* [AIM OF THE TASK] Pictures must not appear; the answer is exactly the lines from the one that holds "Samsung Odyssey G7" through the end of the material.

* [GIVEN RECORDS]
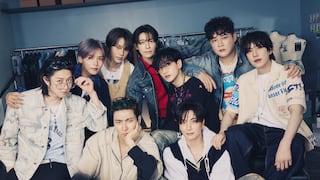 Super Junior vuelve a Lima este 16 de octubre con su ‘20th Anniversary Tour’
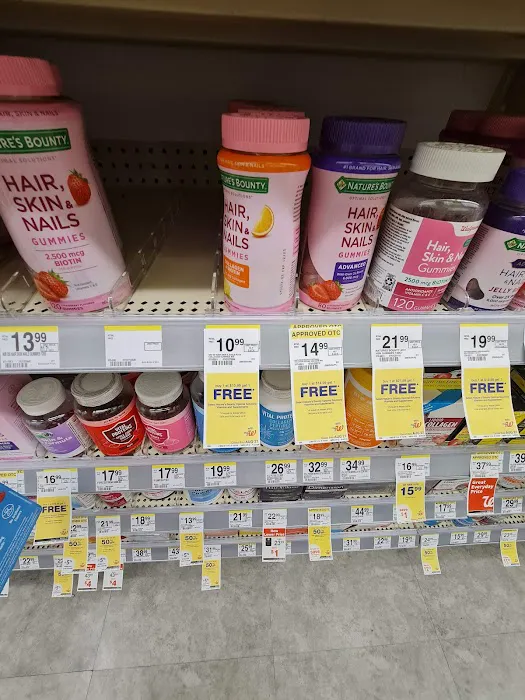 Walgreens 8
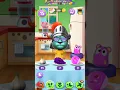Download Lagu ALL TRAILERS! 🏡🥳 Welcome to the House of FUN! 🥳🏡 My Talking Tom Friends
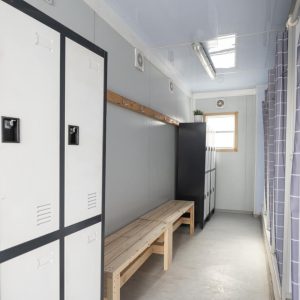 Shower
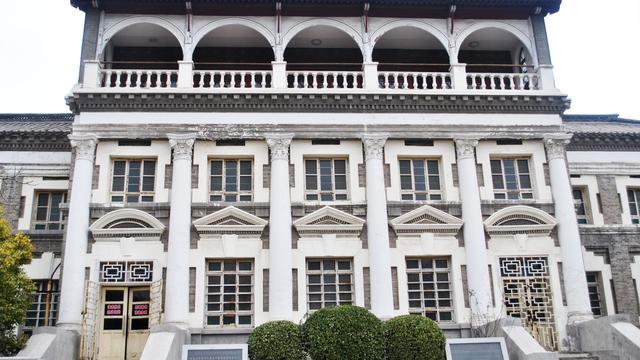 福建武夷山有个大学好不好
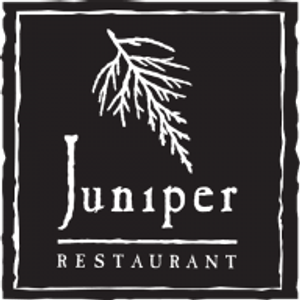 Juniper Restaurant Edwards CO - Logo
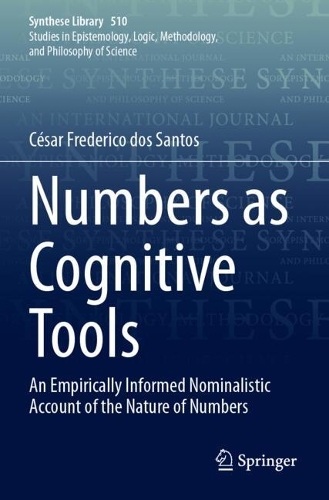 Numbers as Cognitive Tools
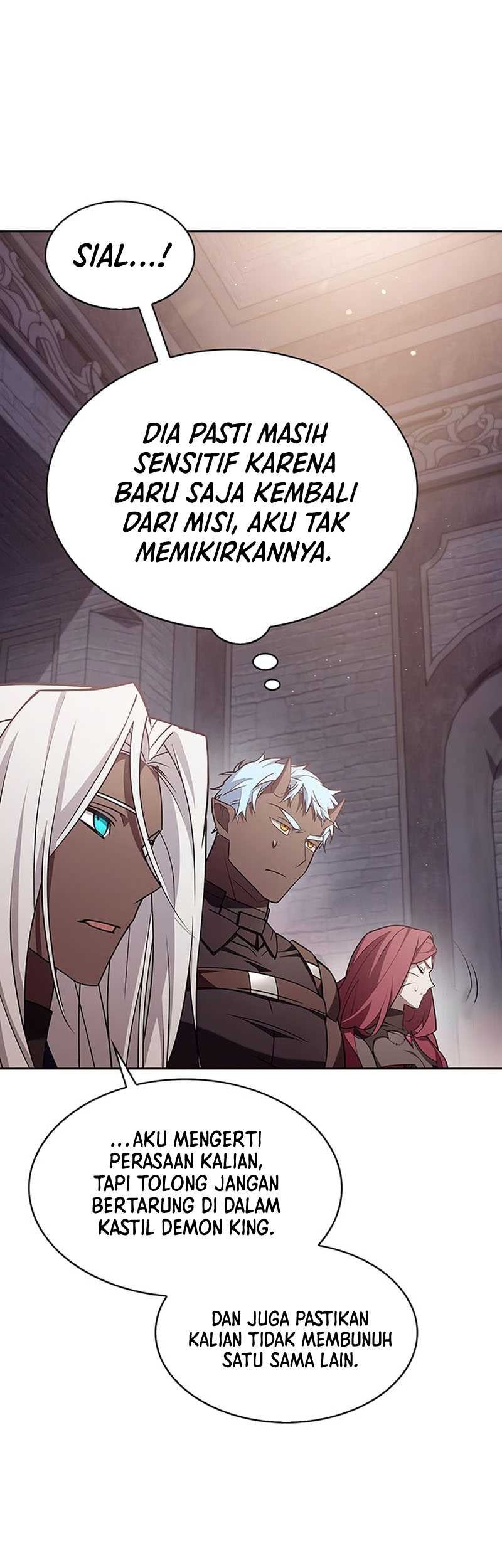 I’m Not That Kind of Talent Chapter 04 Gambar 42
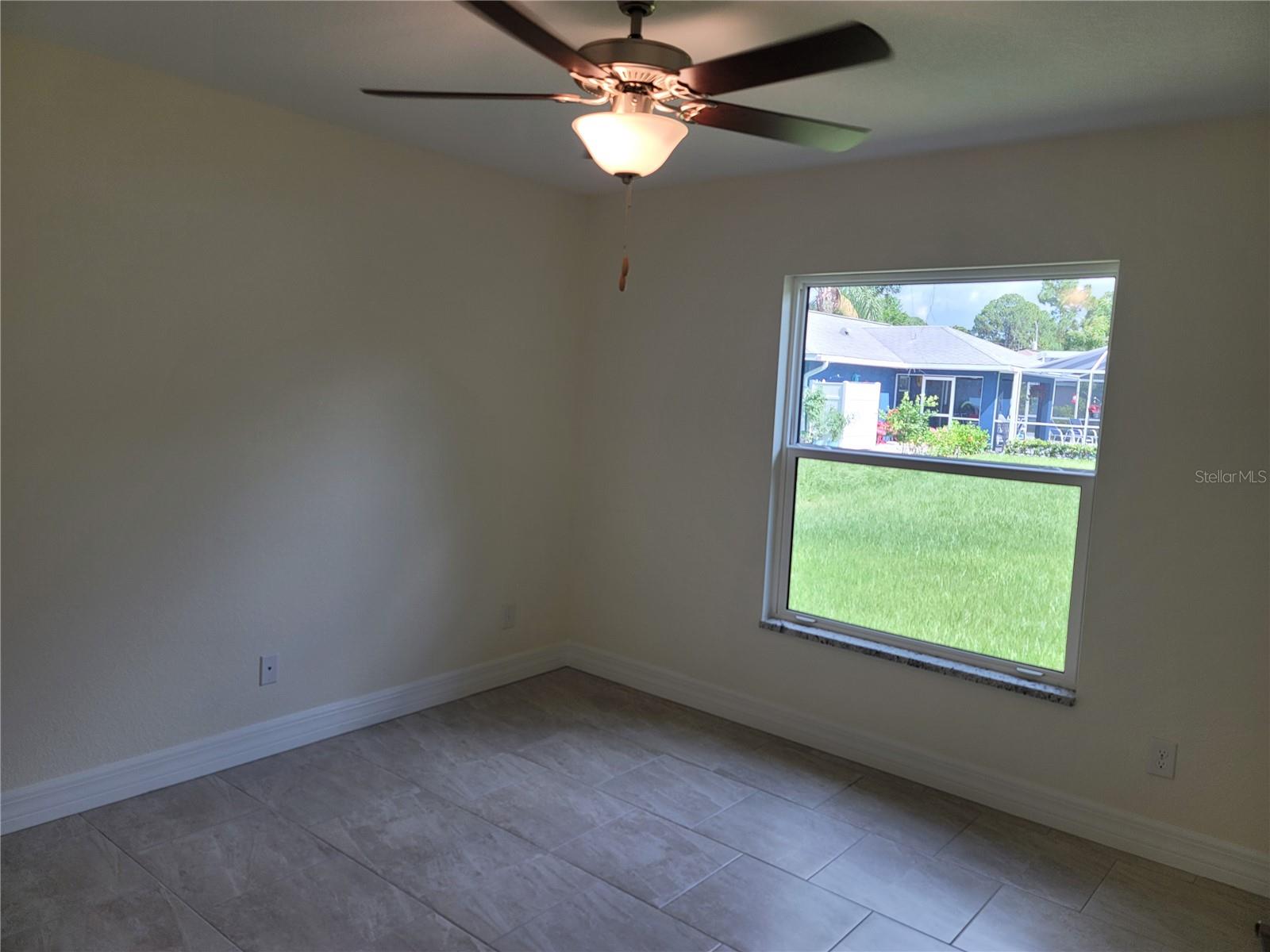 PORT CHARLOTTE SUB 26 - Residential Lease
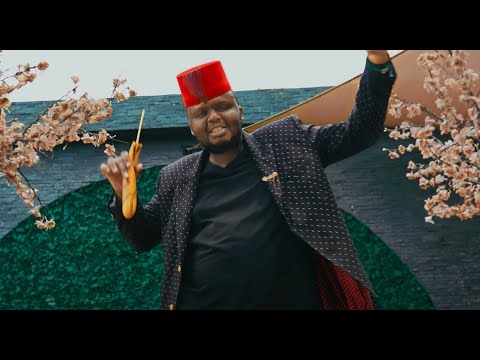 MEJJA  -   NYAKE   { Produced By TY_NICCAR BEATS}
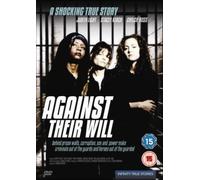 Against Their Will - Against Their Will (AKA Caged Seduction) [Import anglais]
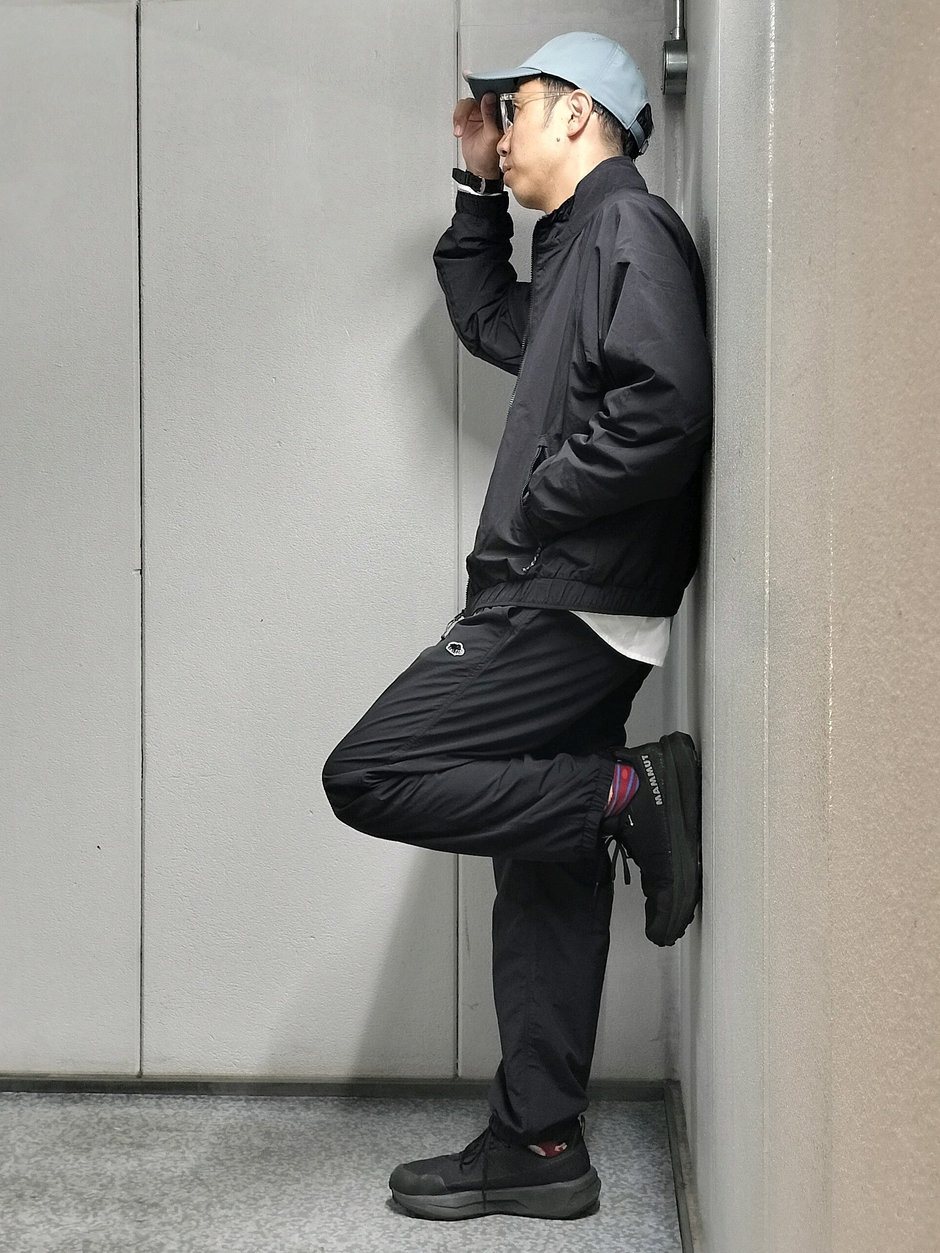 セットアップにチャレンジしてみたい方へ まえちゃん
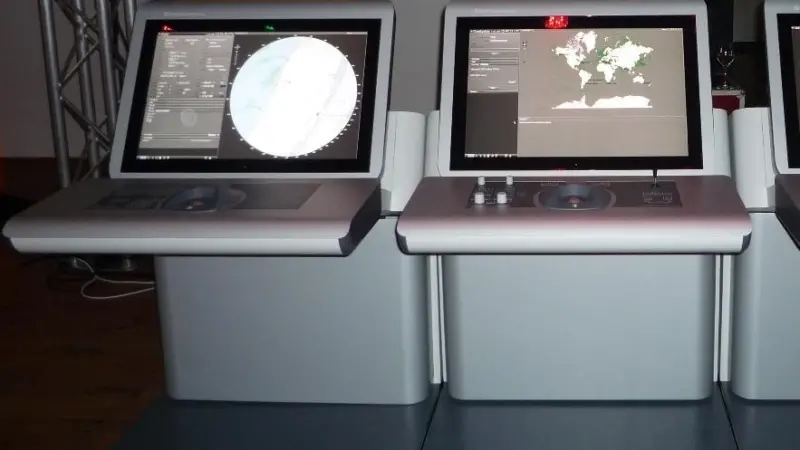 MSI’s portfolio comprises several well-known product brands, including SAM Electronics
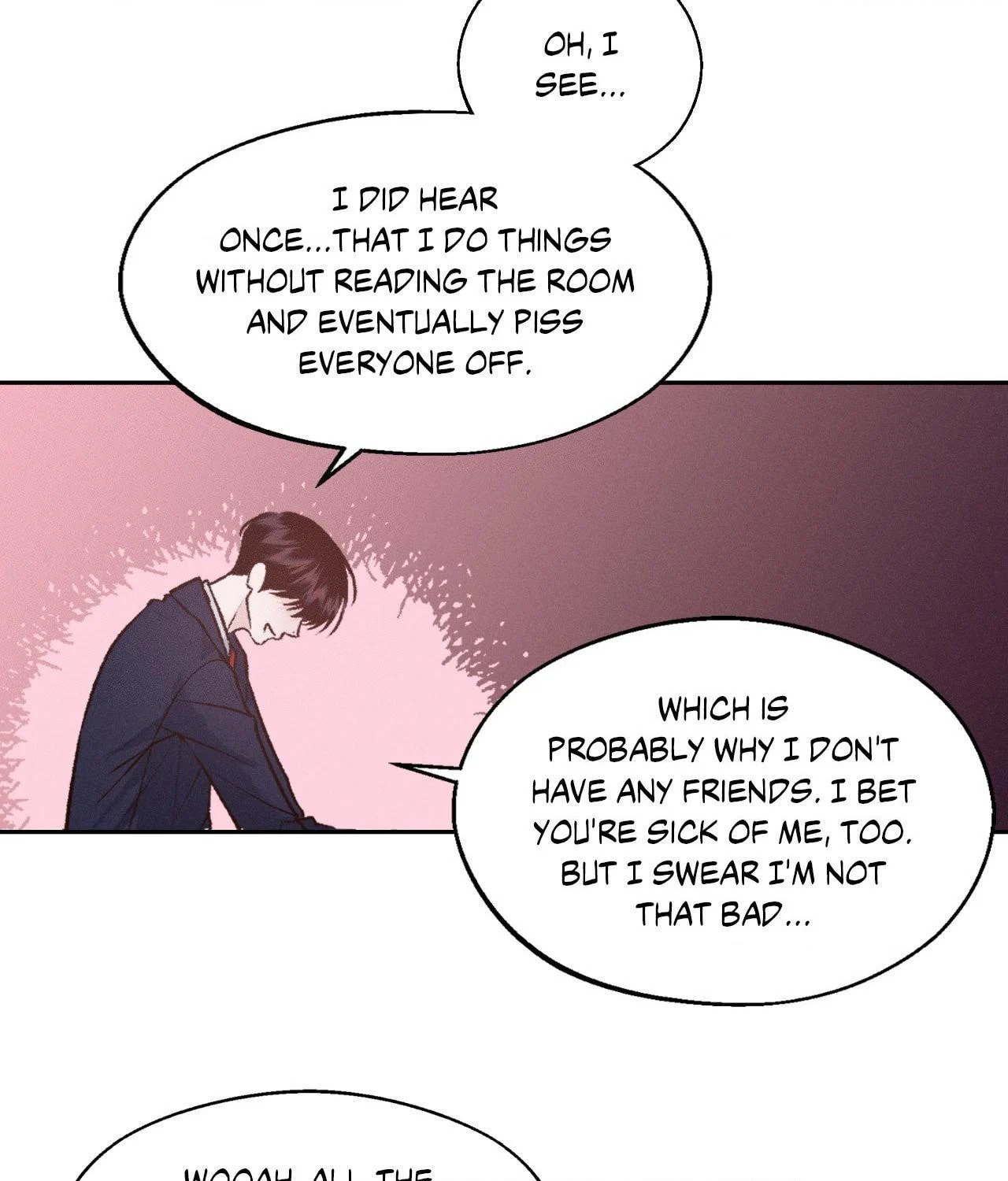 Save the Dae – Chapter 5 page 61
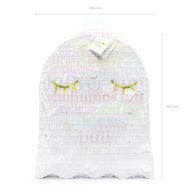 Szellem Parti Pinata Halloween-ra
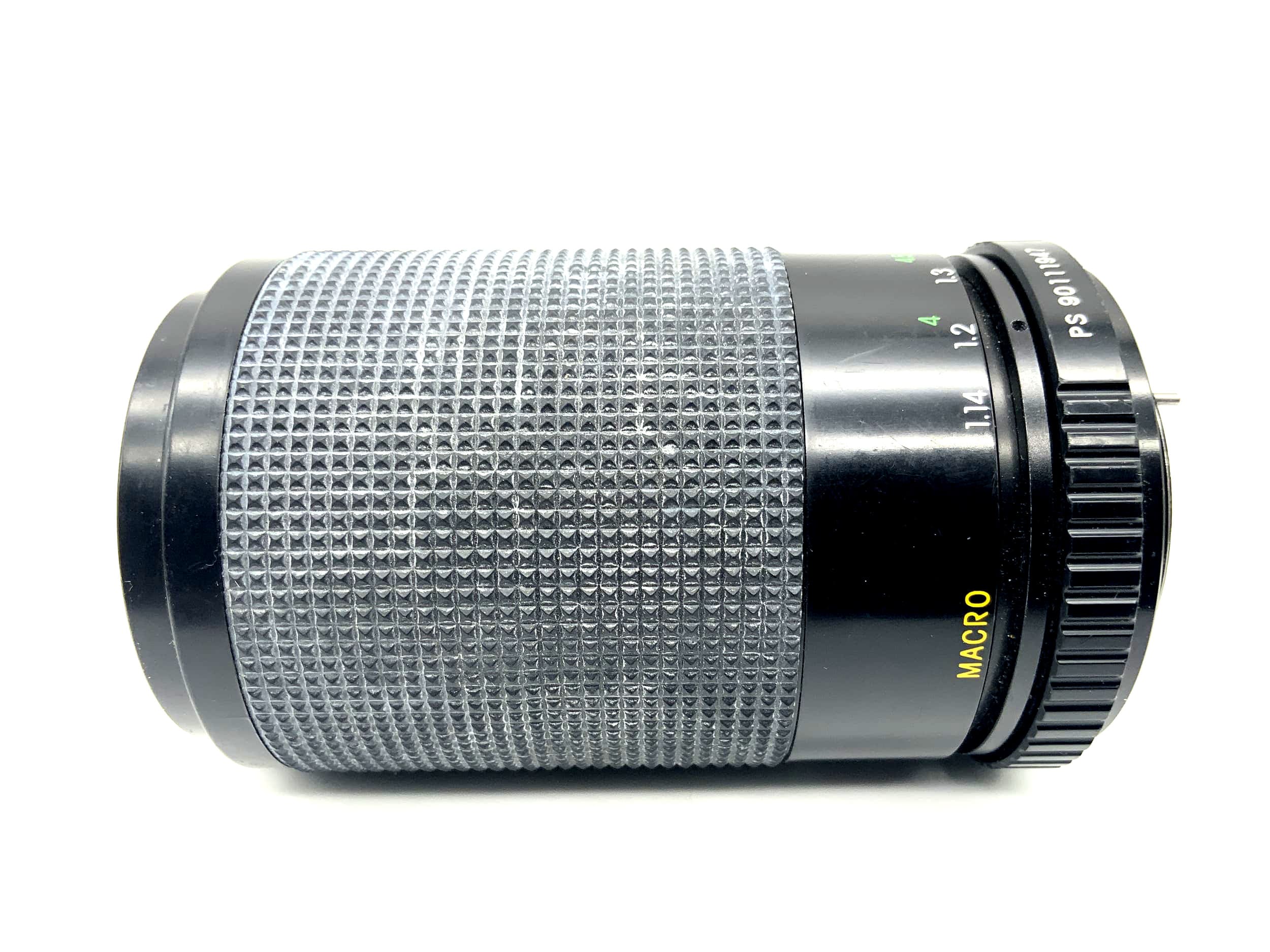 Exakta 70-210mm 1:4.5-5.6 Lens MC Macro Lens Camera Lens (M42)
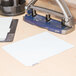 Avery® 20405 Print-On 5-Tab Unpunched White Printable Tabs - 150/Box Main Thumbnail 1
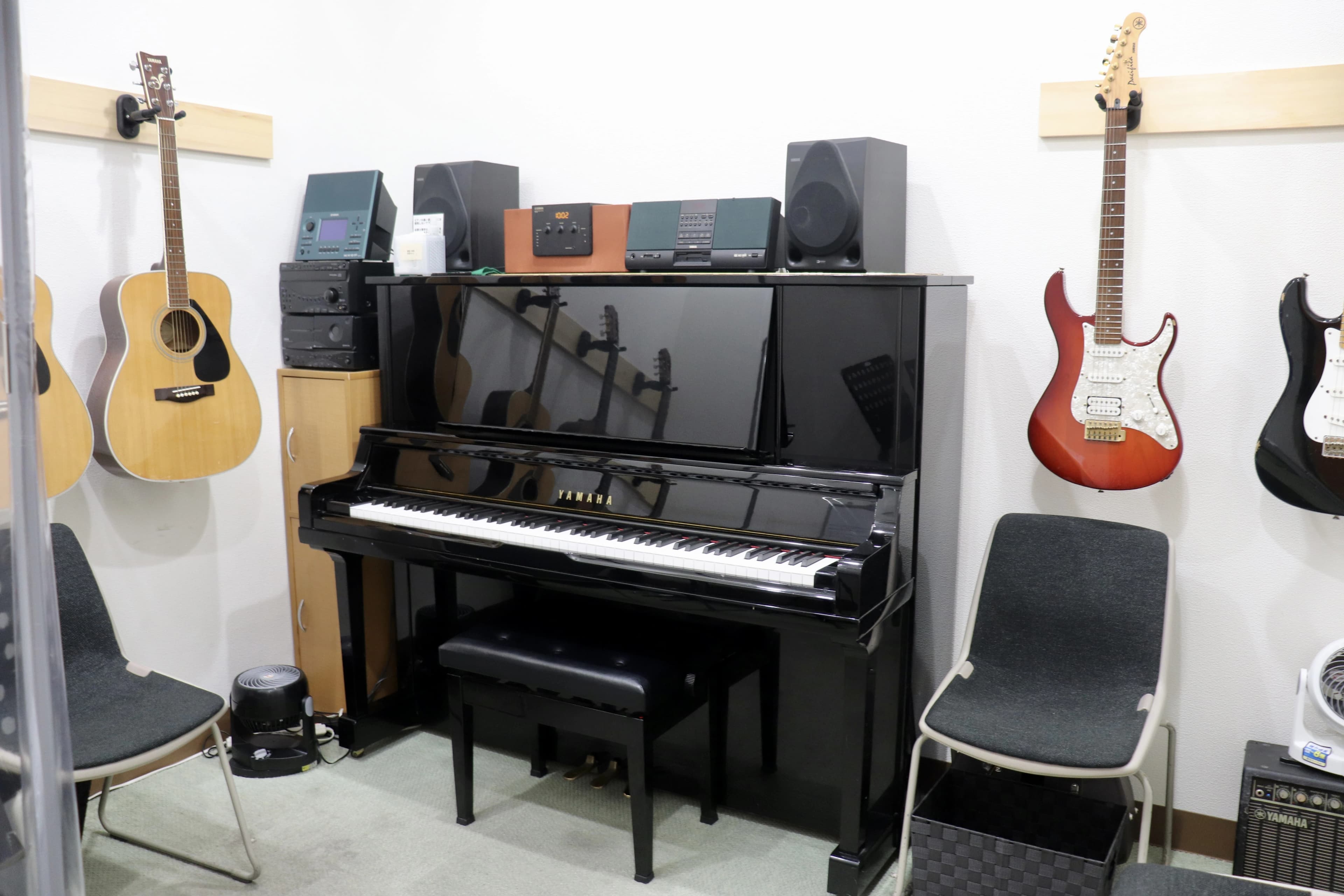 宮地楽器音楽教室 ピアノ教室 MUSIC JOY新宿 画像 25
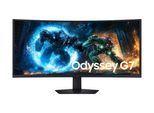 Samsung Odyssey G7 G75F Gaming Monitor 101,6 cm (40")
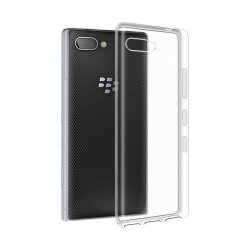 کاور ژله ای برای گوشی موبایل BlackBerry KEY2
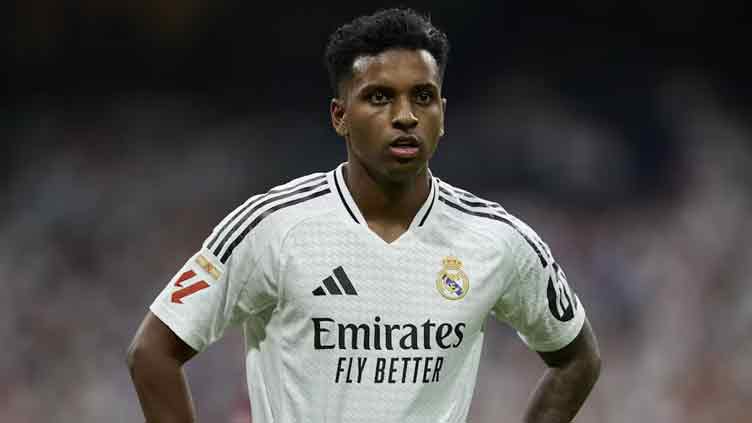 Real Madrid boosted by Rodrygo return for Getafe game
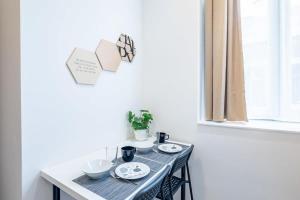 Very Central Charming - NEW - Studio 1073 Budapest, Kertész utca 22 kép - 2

* [COMPLETED TASK]
 Samsung Odyssey G7 G75F Gaming Monitor 101,6 cm (40")
 کاور ژله ای برای گوشی موبایل BlackBerry KEY2
 Real Madrid boosted by Rodrygo return for Getafe game
 Very Central Charming - NEW - Studio 1073 Budapest, Kertész utca 22 kép - 2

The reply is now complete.